Sometimes my mom feels like she is floating 3 billion miles away - shooting around as fractals of light, amongst deities and martyrs and the forever scorned. She’s the brightest shade of silver in the great cosmic soup, just like she used to be the most beautiful girl in the room. She can fly from Portugal to Tahiti to Mumbai to the sun in seconds. She can be summoned with one concentrated breath or one loving thought. I feel her eyes in everything - in the gentle sway of the blinds when I read at night, in the pesky flickering lamp, in the full, beaming moon. I not only think she can see me, I think she can become me too.
I remember one moment, weeks after she had passed. I was in the Mulshi Hills in India in the thick of the monsoon. I was full of grief, but full of whimsy too. I was at a treatment center for the depressed, the calorie counting, the rich and bored, the damned. And like always, I had to hide away.
In the afternoons, when the ladies took to their massages, and the men took to their personal training - I’d run to the little patch of garden at the far end of the property, the one with the little mud mandir for the treatment center staff. Headphones blasting “Taal” and “Laagan”, I’d run around the garden in the steaming, relentless rain - letting every crevice of my body be baptized and renewed by this ancestral water. Letting the monsoon hide my tears .. undulating between feeling like a film star and a heartbreak hotel.

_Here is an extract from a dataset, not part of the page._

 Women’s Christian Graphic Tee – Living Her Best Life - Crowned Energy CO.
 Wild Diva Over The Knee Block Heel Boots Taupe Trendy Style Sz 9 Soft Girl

And I’d make my way up to the little mud mandir, and touch my fingertips to the plastic rainbow garland on the door, and surrender myself to the cold cement floor. Clothes soaked, shivering and newly motherless. I’d sob to Ganesh - little plastic gold figurines on the altar, surrounded by smoke, fruit and ashes - praying to a god that’s not even mine.
I’d find you there - everytime. You’d flicker the bulbs, send a warm gust thru the crack of the door, you’d twinkle the bells outside with gentle wind. I’d let myself be full of tears and full of revelation. It was raw grief, but also raw magic. You were so present with me - there was no distance between where I ended and you began. You are my mother, the sky, the wind, the goddess on the mantle. You’d seep into my body and breath, and when I’d turn to gaze to the majestic, rain-stricken hills - it was you taking in the view and not I.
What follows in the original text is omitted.